A BSP is required that abstracts a CPU’s SPI peripheral. The port includes one code file named according to the following rubric:

FS_DEV_<dev_name>_BSP.C or FS_DEV_<dev_name>_SPI_BSP.c

This file is generally placed with other BSP files in a directory named according to the following rubric:

\Micrium\Software\EvalBoards\<manufacturer>\<board_name>

\<compiler>\BSP\

Several example ports are included in the µC/FS distribution in files named according to the following rubric:

\Micrium\Software\uC-FS\Examples\BSP\Dev\NAND\<manufacturer>\<cpu_name>
\Micrium\Software\uC-FS\Examples\BSP\Dev\NOR\<manufacturer>\<cpu_name>

\Micrium\Software\uC-FS\Examples\BSP\Dev\SD\SPI\<manufacturer>\<cpu_name>

Check all of these directories for ports for a CPU if porting any SPI device; the CPU may be been used with a different type of device, but the port should support another with none or few modifications. Each port must implement the functions to be placed into a FS_DEV_SPI_API structure:

const  FS_DEV_SPI_API  FSDev_####_BSP_SPI = {
    FSDev_BSP_SPI_Open,
    FSDev_BSP_SPI_Close,
    FSDev_BSP_SPI_Lock,
    FSDev_BSP_SPI_Unlock,
    FSDev_BSP_SPI_Rd,
    FSDev_BSP_SPI_Wr,
    FSDev_BSP_SPI_ChipSelEn,
    FSDev_BSP_SPI_ChipSelDis,
    FSDev_BSP_SPI_SetClkFreq
};

The functions which must be implemented are listed and described in the table below. SPI is no more than a physical interconnect. The protocol of command-response interchange the master follows to control a slave is specified on a per-slave basis. Control of the chip select (SSEL) is separated from the reading and writing of data to the slave because multiple bus transactions (e.g., a read then a write then another read) are often performed without breaking slave selection. Indeed, some slaves require bus transactions (or “empty” clocks) AFTER the select has been disabled.

SPI port functions
FunctionDescription
Open()Open (initialize) hardware for SPI.
Close()Close (uninitialize) hardware for SPI.
Lock()Acquire SPI bus lock.
Unlock()Release SPI bus lock.
Rd()Read from SPI bus.
Wr()Write to SPI bus.
ChipSelEn()Enable device chip select.
ChipSelDis()Disable device chip select
SetClkFreq()Set SPI clock frequency


The first argument of each of these port functions is the device unit number, an identifier unique to each driver/device type—after all, it is the number in the device name.
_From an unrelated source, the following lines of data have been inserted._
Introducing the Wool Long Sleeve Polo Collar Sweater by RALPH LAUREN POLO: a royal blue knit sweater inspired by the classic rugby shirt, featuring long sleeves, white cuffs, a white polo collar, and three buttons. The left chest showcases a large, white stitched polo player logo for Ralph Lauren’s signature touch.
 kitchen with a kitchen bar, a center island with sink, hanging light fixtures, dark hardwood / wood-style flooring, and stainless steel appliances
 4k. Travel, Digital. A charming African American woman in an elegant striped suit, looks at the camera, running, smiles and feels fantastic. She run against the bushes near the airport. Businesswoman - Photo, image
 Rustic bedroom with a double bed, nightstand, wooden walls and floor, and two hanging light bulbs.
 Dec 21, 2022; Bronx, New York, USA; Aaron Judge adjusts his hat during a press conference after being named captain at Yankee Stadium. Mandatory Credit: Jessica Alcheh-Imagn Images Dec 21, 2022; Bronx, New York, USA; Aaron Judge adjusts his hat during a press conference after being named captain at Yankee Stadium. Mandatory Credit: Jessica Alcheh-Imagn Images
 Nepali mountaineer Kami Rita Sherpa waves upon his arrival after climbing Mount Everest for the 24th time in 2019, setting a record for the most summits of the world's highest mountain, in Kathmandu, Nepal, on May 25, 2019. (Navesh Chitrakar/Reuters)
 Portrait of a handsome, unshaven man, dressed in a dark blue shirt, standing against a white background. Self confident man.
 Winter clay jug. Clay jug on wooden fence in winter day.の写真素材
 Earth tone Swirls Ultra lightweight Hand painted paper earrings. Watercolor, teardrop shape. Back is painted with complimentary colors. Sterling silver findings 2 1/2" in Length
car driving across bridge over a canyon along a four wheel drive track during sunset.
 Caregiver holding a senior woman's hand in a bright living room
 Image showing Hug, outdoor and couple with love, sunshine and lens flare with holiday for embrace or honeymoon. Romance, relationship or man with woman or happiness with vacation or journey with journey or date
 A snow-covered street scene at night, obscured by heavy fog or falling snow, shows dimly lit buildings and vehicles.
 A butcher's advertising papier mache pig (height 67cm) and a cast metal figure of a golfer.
For example, “sd:0:” and “nor:0:” both have unit number 1. If two SPI devices are located on the same SPI bus, either of two approaches can resolve unit number conflicts:

  • Unique unit numbers. All devices on the same bus can use the same SPI BSP if and only if each device has a unique unit number. For example, the SD/MMC card “sd:0:” and serial NOR “nor:1:” require only one BSP.
  • Unique SPI BSPs. Devices of different types (e.g., a SD/MMC card and a serial NOR) can have the same unit number if and only if each device uses a separate BSP. For example, the SD/MMC card “sd:0:” and serial “nor:0:” require separate BSPs.